EXERCISE -> From the first line to the last, restate the material word for word; pictures stay out.

━━━━━ RECORDED INFORMATION ━━━━━

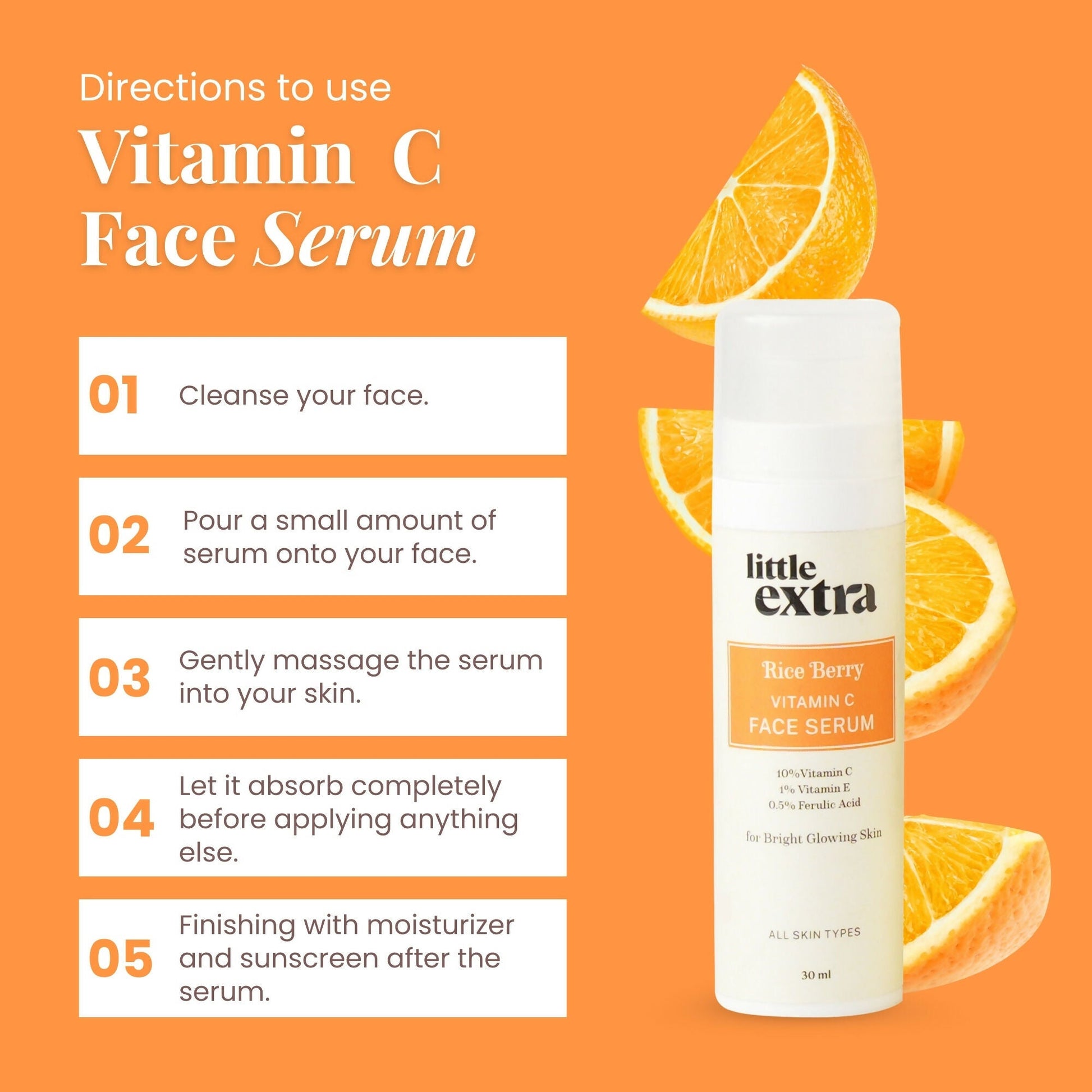 https://cdn.shopify.com/s/files/1/1857/6931/files/Pglq6ukZ1Q.jpg?v=1755082993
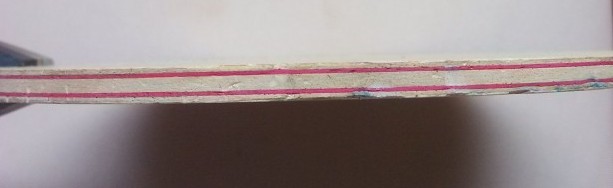 ���ͼ۳�����506����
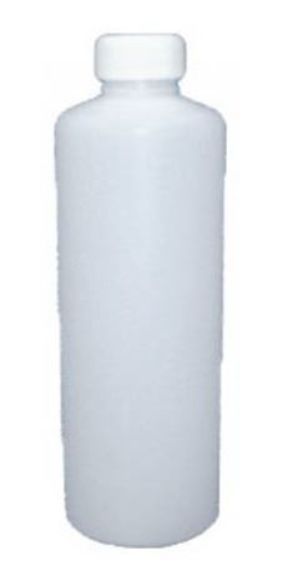 Imagen de Desoxidante Belco 1 L Desengrasa Fosfatiza - Ynter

━━━━━

RESULT ->
 https://cdn.shopify.com/s/files/1/1857/6931/files/Pglq6ukZ1Q.jpg?v=1755082993
 ���ͼ۳�����506����
 Imagen de Desoxidante Belco 1 L Desengrasa Fosfatiza - Ynter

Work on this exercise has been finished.